Which I eventually did, thank the gods above. (And below; I suspect they had more to do with it, actually.) Two weeks and umpteen hours of my life that I'll never have back, but that 'dream team' of mine is ready, and sitting on my hard drive. Just, um... waiting. See, I played a couple of games after that, but my heart really wasn't in them. The hard part was over with. And I was sick to hell of looking at that damned game screen. So, I've lost interest. And now these posts are the cause du jour. And soon, I'll be done with them, and another hellish nightmare of struggle will take their place. And so on, until the end of time.

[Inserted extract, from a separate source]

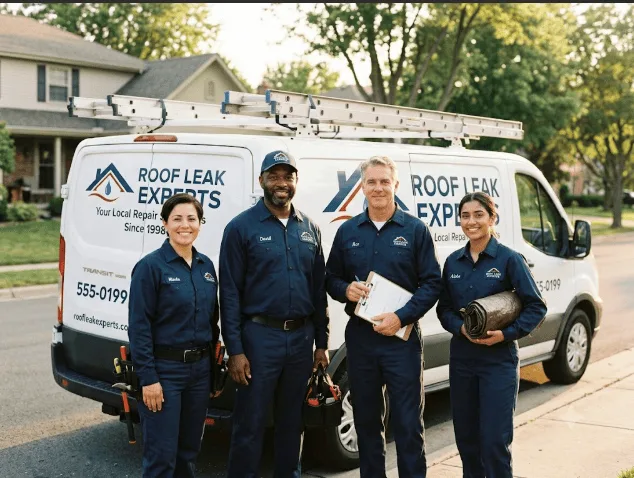 Roof Leak Repair company in Grissom Arb, IN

Well, the end of me, anyway. Obviously. Unless I find a way to shake this stranglehold. Hey, it could happen. You never know. But until then, I'm stuck with my affliction. At least I've become aware of it in recent years. I don't have the ammo to stop it yet, but I'm learning its habits and patterns. I'm building data, to better fight the big fight when the time finally comes. I just hope I can finally lick it, once and for all. It's strong and cunning, but I've got the rest of the brain on my side, and one day we're gonna take this fucker out. I've got no intentions of sitting around the nursing home, sorting other people's money by serial number for fun. It's either him or me, and I'm not goin' out like this, folks. I've got too much naked frolicking to get done.